御廟所にある常唱殿での開講式後、オリエンテーションが行われ、参加者には講義の準備を行う信行班、食事の用意をする食堂班などグループ単位での役割が与えられた。参加者は互いを仏さまとして給仕し合う精神を持ち、自らの修行として研修を進めていく形式に不安の顔をのぞかせたが、田端主任の講義で、「自分のなかに眠っている仏の心を呼びさます」という目標を聞くと、期待の表情に変わった。
副主任の浜島典彦身延山大学長が日蓮聖人が法華経弘通のリーダーとして立ち上がられた時代背景などを説明し、現代に必要な指導者像は「他のために菩薩行を行える人」と述べた。初日には、自己紹介で世界のお題目仲間と出会えた喜びを伝え合い、また財産や富の仏教的解釈や法華経の内容までと幅広い話があった。一日目の最後は唱題行で締めくくられ、午後10時半までのぎっしりとつまったカリキュラムを終えた。
2日目は総本山身延山久遠寺(内野日総法主)の朝勤に参列した。荘厳な雰囲気にシンガポール題目寺のリャオ・ツー・ミンさん(27)は「本堂までの急な坂を上がりヘトヘトだった心と体が、法要で洗われ一つの目的を達成した気分になれた」とご尊像に合掌した。
午前中は御廟所と道場の清掃、講義を修め、身延山境内の坊めぐりへ。樋澤坊など6ヵ寺に参拝し、ご朱印をいただいた。
続いて身延山大学へ通う修行僧を交えての討論会が開かれ、世界で起きている信仰離れの問題や、求められる僧侶像、檀家制度がない海外寺院での信徒獲得への活動などの報告や意見が交わされた。日本からの参加者が「住職が地域社会に出て、努力しても檀信徒の獲得は難しい現状がある。どうすればいいのか」と話の火蓋を切ると、「多くの人を教化するのではなく、日蓮聖人のように一人ひとりの篤信者を育てるべき」(アメリカ)、「僧侶のカウンセリングスキルの必要性」(イギリス)、「仏教への興味を持ってもらうため、流行に合わせ社会へのアプローチを行っている」(マレーシア)、「新興宗教の信徒へのケア」(韓国)、「日本語教室など、若い人に人気のある講座の開設」(インドネシア)などと活気ある海外寺院の姿や意見を語った。
田端主任は「海外寺院の特徴は、住職が来いといわずとも信徒が自発的に集まり、みんなでお茶を飲んだり、踊ったりするコミュニティーの場として活用している。
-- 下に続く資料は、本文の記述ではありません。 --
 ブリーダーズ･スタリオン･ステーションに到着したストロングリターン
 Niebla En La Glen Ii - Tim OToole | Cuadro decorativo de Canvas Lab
〝お寺は坊さんのものではなく、私たちのもの〟という意識が強く、信徒が自分たちで行動しようとする」と日本の寺院と比較し、地域への貢献や祖願達成には僧侶ではなく、檀信徒やそのリーダーが主役だと、参加者に期待した。
参加者たちは3日目も修行を行い、無事に研修を終了した。また翌日に企画されたオプションの小松原法難750年を迎える千葉県鴨川市の本山鏡忍寺や大本山誕生寺などへの団体参拝にも参加した。